I'm sorry but there comes a point where you have to call a spade a spade.
When you have the trifecta of regex, *argv packing and uninitialized memory you're reaching levels of incompetence which require being actively malicious and not just stupid.
The blame for the Linux situation isn’t as clear cut as you make it out to be. Red hat rolled out a breaking change to BPF which was likely a regression. That wasn’t caused directly by a crowdstrike update.
It's not about the blame, it's about how you respond to incidents and what mitigation steps you take. Even if they aren't directly responsible, they clearly didn't take proper mitigation steps when they encountered the problem.
How do you mitigate the OS breaking an API below you in an update? Test the updates before they come out? Even if you could, you'd still need to deploy a fix before the OS update hits the customers, and anyone that didn't update would still be affected.
The linux case is just _very_ different from the windows case. The mitigation steps that could have been taken to avoid the linux problem would not have helped for the windows outage anyways, the problems are just too different. The linux update was about an OS update breaking their program, while the windows issue was about a configuration change they made triggering crashes in their driver.
It's: a) an update, b) pushed out globally without proper testing, c) that bricked the OS.

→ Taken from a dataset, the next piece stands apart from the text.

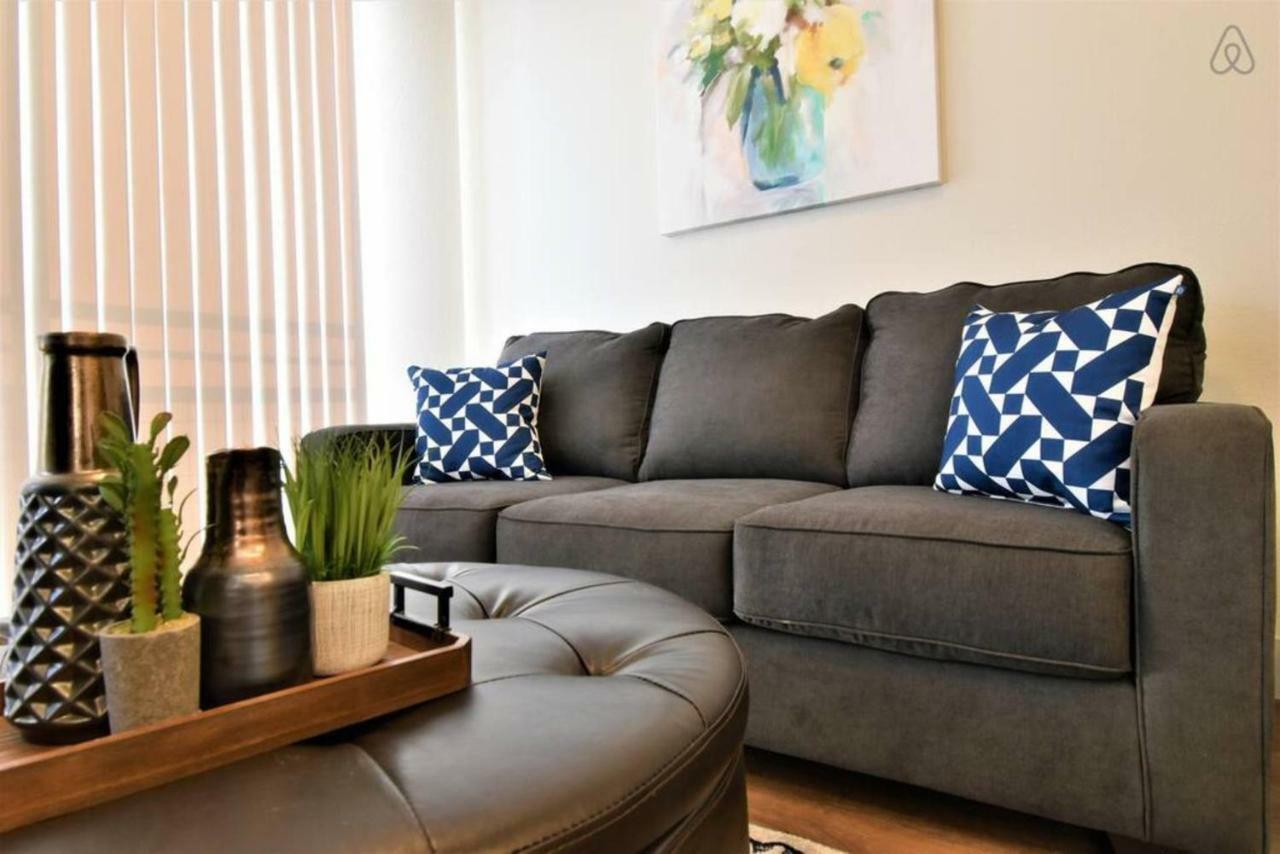 Ga Living Suites - Knox District Uptown Dallas Extérieur photo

It's an obvious failure mode that if you have a proper incident response process would be revealed from that specific incident and flagged for needing mitigation.
I do this specific thing for a living. You don't just address the exact failure that happened but try to identify classes of risk in your platform.

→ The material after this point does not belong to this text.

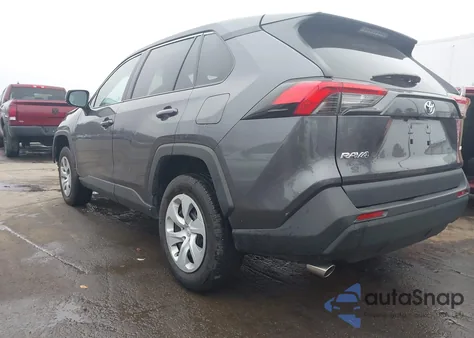 2023 Toyota Rav4 Le из США, поврежденный, VIN 2T3H1RFV6PC243245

> Even if you could, you'd still need to deploy a fix before the OS update hits the customers, and anyone that didn't update would still be affected.
And yet the problem would still only affect Crowdstrike's paying customers. No matter how much you blame upstream your paying customers are only ever going to blame their vendor because the vendor had discretion to test and not release the update. As their customers should.
Sure, customers are free to blame their vendor. But please, we’re on HN, we aren’t customers, we don’t have beef in this game. So we can do better here, and properly allocate blame, instead of piling on the cs hate for internet clout.
And again, you cannot prevent your vendor breaking you. Sure, you can magic some convoluted process to catch it asap. But that won’t help the poor sods who got caught in-between.
Nobody ran this update
The update was pushed globally to all computers
With that alone we know they have failed the simplest of quality control methods for a piece of software as widespread as theirs. This is even excluding that there should have been some kind of error handling to allow the computer to boot if they did push bad code.